> **TASK BRIEF**
Send back all the data below, exactly as given.

:::::

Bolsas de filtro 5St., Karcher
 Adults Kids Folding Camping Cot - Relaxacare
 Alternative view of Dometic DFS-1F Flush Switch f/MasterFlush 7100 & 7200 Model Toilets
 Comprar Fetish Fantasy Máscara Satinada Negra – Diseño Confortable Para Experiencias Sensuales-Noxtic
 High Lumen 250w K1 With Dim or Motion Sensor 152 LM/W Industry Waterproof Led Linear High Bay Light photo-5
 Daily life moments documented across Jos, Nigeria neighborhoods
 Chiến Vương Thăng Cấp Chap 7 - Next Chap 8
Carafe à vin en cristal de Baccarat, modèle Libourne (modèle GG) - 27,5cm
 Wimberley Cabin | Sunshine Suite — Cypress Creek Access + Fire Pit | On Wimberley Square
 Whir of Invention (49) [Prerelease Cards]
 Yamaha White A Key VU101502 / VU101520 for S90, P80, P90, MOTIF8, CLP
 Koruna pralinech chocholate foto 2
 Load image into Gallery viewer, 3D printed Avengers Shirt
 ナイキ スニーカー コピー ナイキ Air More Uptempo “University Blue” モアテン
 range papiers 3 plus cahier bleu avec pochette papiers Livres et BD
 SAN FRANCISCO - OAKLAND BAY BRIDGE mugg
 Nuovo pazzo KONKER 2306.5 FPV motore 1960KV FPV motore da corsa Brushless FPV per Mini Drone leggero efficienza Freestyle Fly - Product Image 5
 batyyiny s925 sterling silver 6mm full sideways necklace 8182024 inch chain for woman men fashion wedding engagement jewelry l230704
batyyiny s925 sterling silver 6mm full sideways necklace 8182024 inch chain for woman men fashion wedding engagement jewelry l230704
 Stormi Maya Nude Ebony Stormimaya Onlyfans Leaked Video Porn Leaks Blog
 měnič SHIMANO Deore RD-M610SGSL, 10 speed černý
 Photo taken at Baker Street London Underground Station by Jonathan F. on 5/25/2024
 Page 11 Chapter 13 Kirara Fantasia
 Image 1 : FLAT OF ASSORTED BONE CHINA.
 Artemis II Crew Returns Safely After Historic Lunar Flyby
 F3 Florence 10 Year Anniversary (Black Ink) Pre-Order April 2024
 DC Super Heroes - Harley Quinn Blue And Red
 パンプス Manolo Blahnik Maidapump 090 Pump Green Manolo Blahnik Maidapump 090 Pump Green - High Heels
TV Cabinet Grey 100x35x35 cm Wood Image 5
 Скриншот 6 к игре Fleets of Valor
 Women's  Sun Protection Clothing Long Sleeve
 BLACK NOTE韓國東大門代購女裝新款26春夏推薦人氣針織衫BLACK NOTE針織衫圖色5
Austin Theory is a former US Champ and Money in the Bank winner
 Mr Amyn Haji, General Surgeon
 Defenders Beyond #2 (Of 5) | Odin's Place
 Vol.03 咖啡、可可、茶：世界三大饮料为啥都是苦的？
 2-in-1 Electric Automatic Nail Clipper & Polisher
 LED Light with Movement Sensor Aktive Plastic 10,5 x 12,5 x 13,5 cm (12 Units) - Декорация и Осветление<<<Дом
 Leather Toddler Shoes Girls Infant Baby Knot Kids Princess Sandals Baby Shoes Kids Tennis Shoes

:::::

> **FINISHED EXERCISE**
Bolsas de filtro 5St., Karcher
 Adults Kids Folding Camping Cot - Relaxacare
 Alternative view of Dometic DFS-1F Flush Switch f/MasterFlush 7100 & 7200 Model Toilets
 Comprar Fetish Fantasy Máscara Satinada Negra – Diseño Confortable Para Experiencias Sensuales-Noxtic
 High Lumen 250w K1 With Dim or Motion Sensor 152 LM/W Industry Waterproof Led Linear High Bay Light photo-5
 Daily life moments documented across Jos, Nigeria neighborhoods
 Chiến Vương Thăng Cấp Chap 7 - Next Chap 8
Carafe à vin en cristal de Baccarat, modèle Libourne (modèle GG) - 27,5cm
 Wimberley Cabin | Sunshine Suite — Cypress Creek Access + Fire Pit | On Wimberley Square
 Whir of Invention (49) [Prerelease Cards]
 Yamaha White A Key VU101502 / VU101520 for S90, P80, P90, MOTIF8, CLP
 Koruna pralinech chocholate foto 2
 Load image into Gallery viewer, 3D printed Avengers Shirt
 ナイキ スニーカー コピー ナイキ Air More Uptempo “University Blue” モアテン
 range papiers 3 plus cahier bleu avec pochette papiers Livres et BD
 SAN FRANCISCO - OAKLAND BAY BRIDGE mugg
 Nuovo pazzo KONKER 2306.5 FPV motore 1960KV FPV motore da corsa Brushless FPV per Mini Drone leggero efficienza Freestyle Fly - Product Image 5
 batyyiny s925 sterling silver 6mm full sideways necklace 8182024 inch chain for woman men fashion wedding engagement jewelry l230704
batyyiny s925 sterling silver 6mm full sideways necklace 8182024 inch chain for woman men fashion wedding engagement jewelry l230704
 Stormi Maya Nude Ebony Stormimaya Onlyfans Leaked Video Porn Leaks Blog
 měnič SHIMANO Deore RD-M610SGSL, 10 speed černý
 Photo taken at Baker Street London Underground Station by Jonathan F. on 5/25/2024
 Page 11 Chapter 13 Kirara Fantasia
 Image 1 : FLAT OF ASSORTED BONE CHINA.
 Artemis II Crew Returns Safely After Historic Lunar Flyby
 F3 Florence 10 Year Anniversary (Black Ink) Pre-Order April 2024
 DC Super Heroes - Harley Quinn Blue And Red
 パンプス Manolo Blahnik Maidapump 090 Pump Green Manolo Blahnik Maidapump 090 Pump Green - High Heels
TV Cabinet Grey 100x35x35 cm Wood Image 5
 Скриншот 6 к игре Fleets of Valor
 Women's  Sun Protection Clothing Long Sleeve
 BLACK NOTE韓國東大門代購女裝新款26春夏推薦人氣針織衫BLACK NOTE針織衫圖色5
Austin Theory is a former US Champ and Money in the Bank winner
 Mr Amyn Haji, General Surgeon
 Defenders Beyond #2 (Of 5) | Odin's Place
 Vol.03 咖啡、可可、茶：世界三大饮料为啥都是苦的？
 2-in-1 Electric Automatic Nail Clipper & Polisher
 LED Light with Movement Sensor Aktive Plastic 10,5 x 12,5 x 13,5 cm (12 Units) - Декорация и Осветление<<<Дом
 Leather Toddler Shoes Girls Infant Baby Knot Kids Princess Sandals Baby Shoes Kids Tennis Shoes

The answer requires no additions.